Normally, gift buying holidays for the adults in our family get bypassed with nary a thought. We decided long ago, well about the time the price of gas crept past the $2.00 per gallon mark, that we just couldn't justify frivolous expenditures. (Kurt commutes to a different state than the one in which we live for work - a hangover from our hurricane survival days.) But this Mother's Day is different. I actually asked for a very specific gift.

It is a Ruger 10/22. Look at the pretty wood and stainless steel.

Lest you wonder about the location of the pod that houses the real me, let me explain.

For the last 2 years, our beautiful flock of layer chickens has freely roamed our property feasting on bugs and green, growing things. However, a couple of weeks ago a family of foxes moved into the portion of the woods next to our property thinking we were offering them an "all you can eat buffet." We've already lost about 5 chickens. One evening, I spotted a coyote stalking my flock. I ran at him screaming, which scared him away from the chickens and off the property. I have not seen him again. The foxes have been more persistent however.

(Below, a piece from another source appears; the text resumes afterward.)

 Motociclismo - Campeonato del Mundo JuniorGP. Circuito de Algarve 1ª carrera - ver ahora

After researching the hunting habits of foxes, we've started keeping our chickens in the coop until later in the morning. We've been staying outside in the evenings until the chickens have returned to their coop and have been secured inside. The hen coop is secure with lots of wire. Under the dirt floor, Kurt buried hardware cloth so predators could not dig their way inside. However, our second coop, the one that will house turkeys in 2 weeks, is not so secure. The foxes are going to have to go.

The kids and I have been clearing the property line of overgrowth on our side. The old fence is in disrepair. We eventually hope to replace the fence. In the meantime, we are clearing out hiding places so the foxes will have to cross more open land to get to the chickens. And now I am armed.

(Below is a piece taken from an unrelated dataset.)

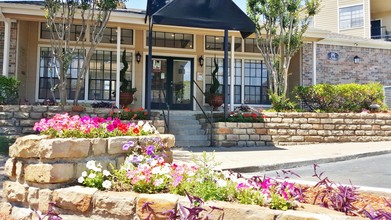 Wyndham on the Creek in Dallas, TX - Foto de edificio - Building Photo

When I first got my gun, I practiced a bit with it so I could aim true. I had to figure out exactly how to line up the two thingies on the barrel. I told Kurt I didn't want a scope or anything high tech. I just wanted a basic 22.

I figured out how to aim the gun. We found an egg on the porch laid by an errant chicken. Not knowing how old it might be, I decided to use it for target practice. I blew it away.

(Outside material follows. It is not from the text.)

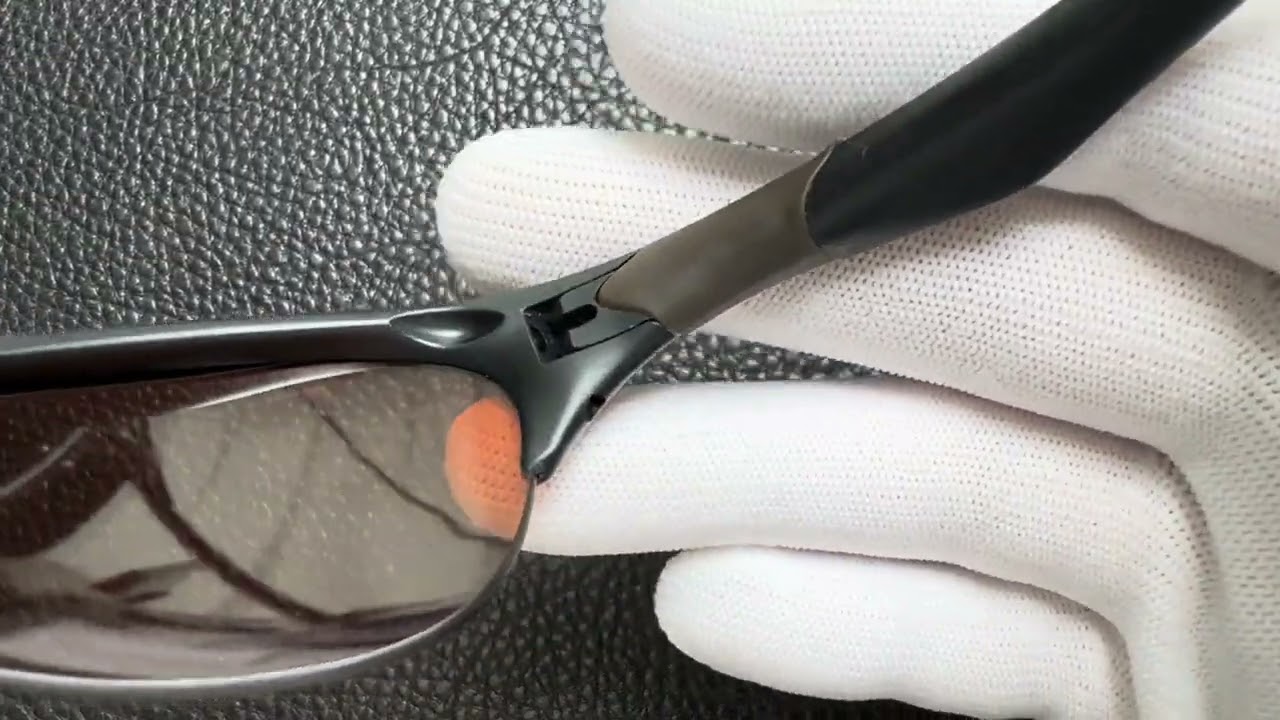 オークリー OAKLEY｜Minute 2.0 Polished Black ｜OAKLEYが2007年に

I think Kurt is suffering from gun envy. Gregory told him my gun was semi-automatic. (Kurt's very nice deer rifle is not.) When we told Kurt I was able to explode an egg from across the yard, he positively started to obsess. Kurt wants to shoot an egg. He is so funny. I don't think he can stand not knowing if he can shoot as accurately as I did. And of course he wants to use my gun to do it.

Meanwhile, back to my normal life, I received a most delightful box in the mail from Cary at Serenity Farms.

It is my very first lamb's fleece. I just love the dark, rich color and cannot wait to wash it and start spinning it. We are going to try to make due without air conditioning this summer in an effort to maintain a budget. I have vivid mental pictures of long, lazy days spinning and knitting on my front porch.

Recently, most of my time has been put into gardening. We are trying to organically raise as much of our own food as possible for better health and to help with the family budget. After 2 years and now 3 of growing marginal fruits and vegetables on impoverished soil, I am trying to take it to the next level. I am learning about high Brix gardening. Kurt and I even sent off a soil sample so we could find out exactly what our soil needs to be healthy and then produce healthier food for our family. I cannot wait to see how this all turns out.


tabitha said...

It is a rare hubby who will buy his wife a rifle for Mother's Day. He must trust you greatly. :-)
Hope you get those pesky foxes. I wish it were only foxes that bother my hens. I have the neighbor's dogs to contend with.

Caroline in NH said...

Gorgeous fleece, and a nice rifle! Good luck getting the foxes. We had (have?) one around here but mostly manage to fence it out if we can get the hens to mostly forage in the pastures.